→ Problem description
Go to the line holding "Edward Mordake, esta" in the data below and repeat it exactly, then each line after it up to and including the one holding "Gebärmutter und eierstockentfernung". Omit pictures.
▬▬▬▬▬▬
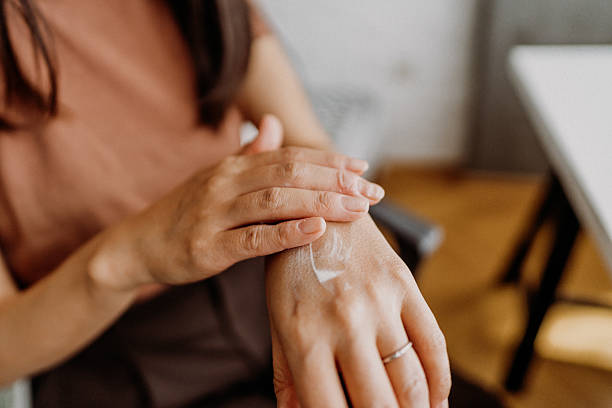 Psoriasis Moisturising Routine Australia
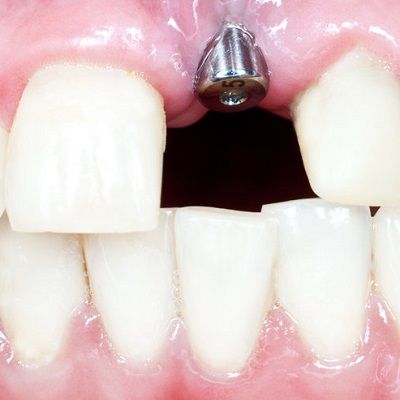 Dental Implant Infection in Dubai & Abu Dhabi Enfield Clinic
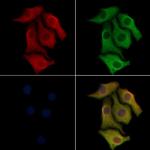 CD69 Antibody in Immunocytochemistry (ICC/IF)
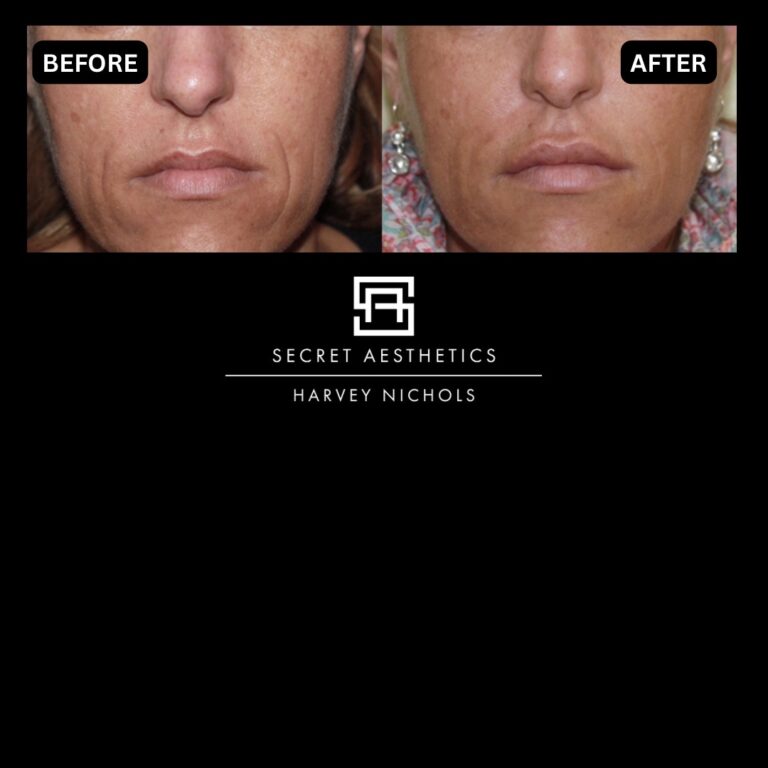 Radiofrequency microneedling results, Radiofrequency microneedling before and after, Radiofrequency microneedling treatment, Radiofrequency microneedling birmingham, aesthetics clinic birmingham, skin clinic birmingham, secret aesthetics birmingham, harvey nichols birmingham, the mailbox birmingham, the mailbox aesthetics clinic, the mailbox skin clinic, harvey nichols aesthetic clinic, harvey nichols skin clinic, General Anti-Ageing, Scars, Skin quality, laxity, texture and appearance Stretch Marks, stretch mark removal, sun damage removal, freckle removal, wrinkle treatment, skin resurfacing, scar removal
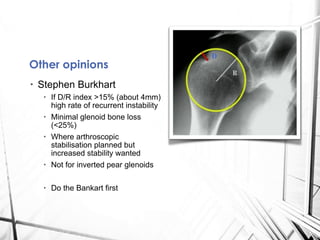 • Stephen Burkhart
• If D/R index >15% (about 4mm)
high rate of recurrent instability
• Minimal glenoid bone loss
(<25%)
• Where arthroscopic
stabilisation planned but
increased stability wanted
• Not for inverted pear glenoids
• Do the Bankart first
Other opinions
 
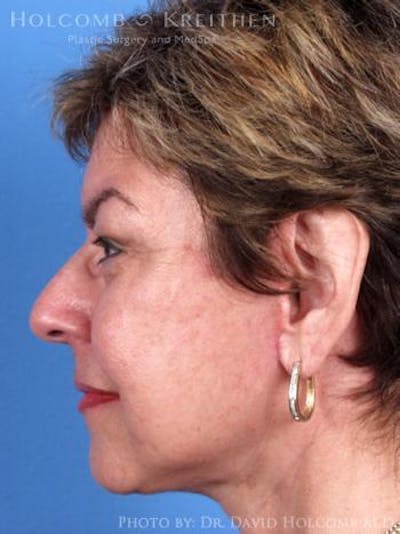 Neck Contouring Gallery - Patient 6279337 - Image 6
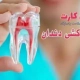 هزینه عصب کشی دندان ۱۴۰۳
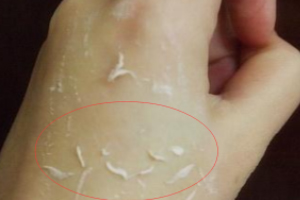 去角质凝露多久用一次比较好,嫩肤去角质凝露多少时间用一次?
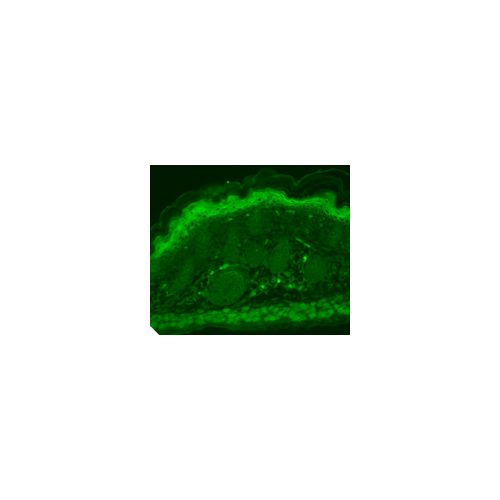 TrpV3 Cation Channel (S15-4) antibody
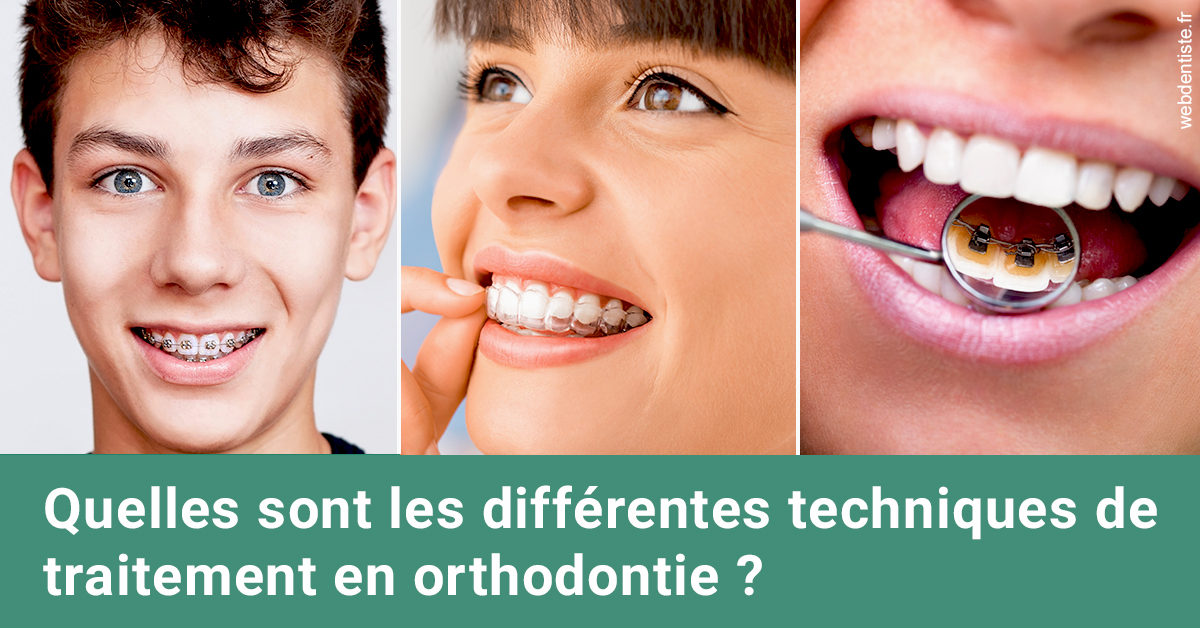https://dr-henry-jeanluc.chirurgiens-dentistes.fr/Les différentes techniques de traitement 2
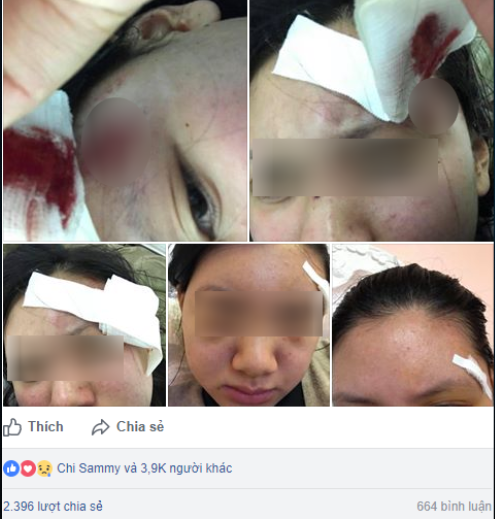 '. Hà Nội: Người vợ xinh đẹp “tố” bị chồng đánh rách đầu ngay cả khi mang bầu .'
▬▬▬▬▬▬
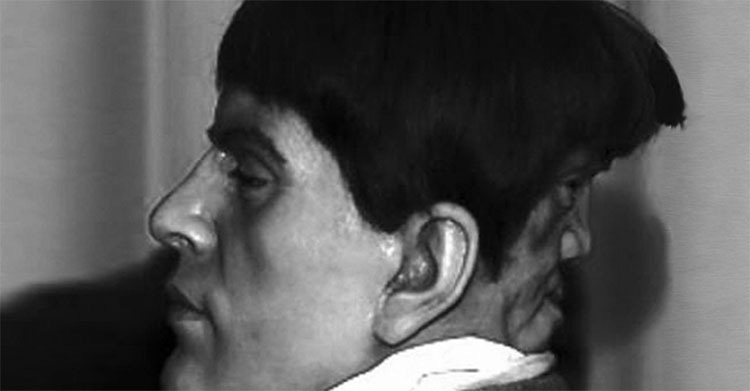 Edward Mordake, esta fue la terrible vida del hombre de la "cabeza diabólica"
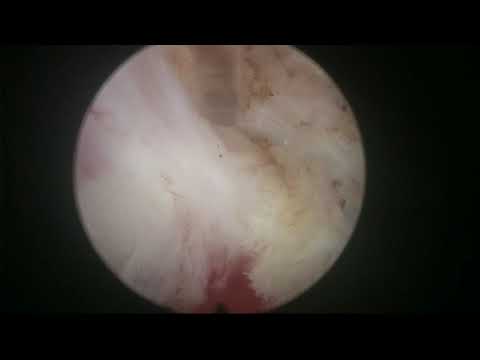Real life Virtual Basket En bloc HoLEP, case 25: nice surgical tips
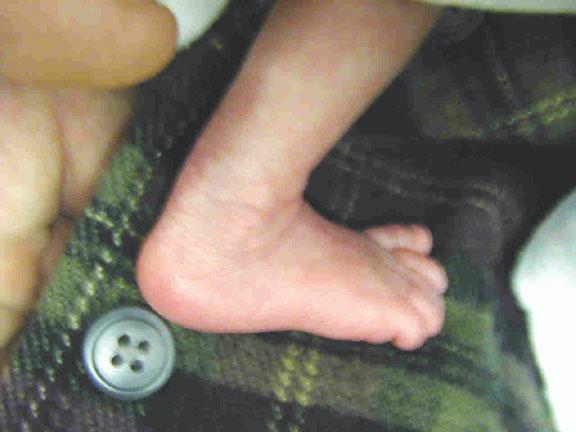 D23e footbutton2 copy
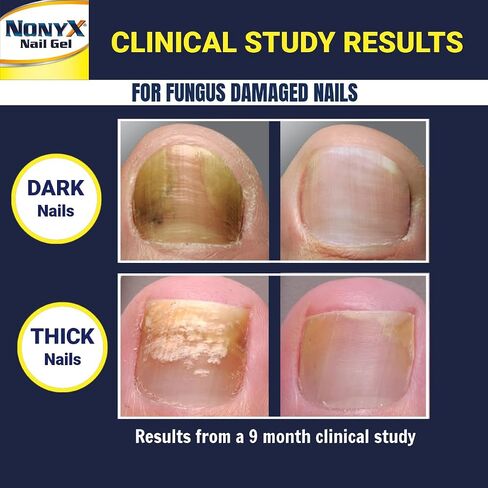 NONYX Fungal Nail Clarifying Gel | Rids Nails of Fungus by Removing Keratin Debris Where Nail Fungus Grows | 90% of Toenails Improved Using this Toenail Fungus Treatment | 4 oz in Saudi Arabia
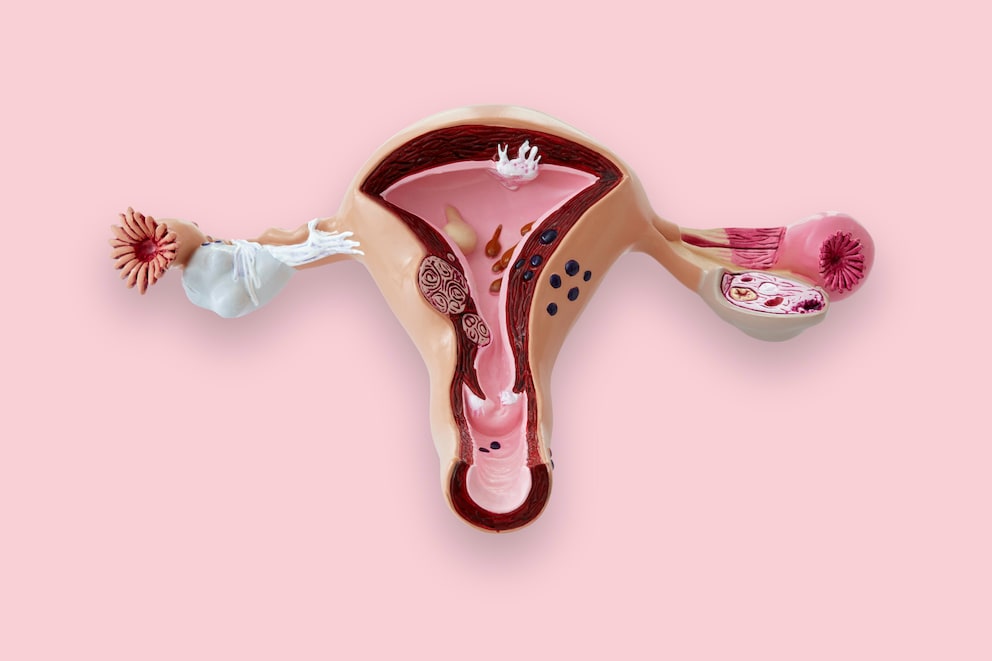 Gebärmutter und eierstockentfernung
▬▬▬▬▬▬
→ Problem solution
 Edward Mordake, esta fue la terrible vida del hombre de la "cabeza diabólica"
Real life Virtual Basket En bloc HoLEP, case 25: nice surgical tips
 D23e footbutton2 copy
 NONYX Fungal Nail Clarifying Gel | Rids Nails of Fungus by Removing Keratin Debris Where Nail Fungus Grows | 90% of Toenails Improved Using this Toenail Fungus Treatment | 4 oz in Saudi Arabia
 Gebärmutter und eierstockentfernung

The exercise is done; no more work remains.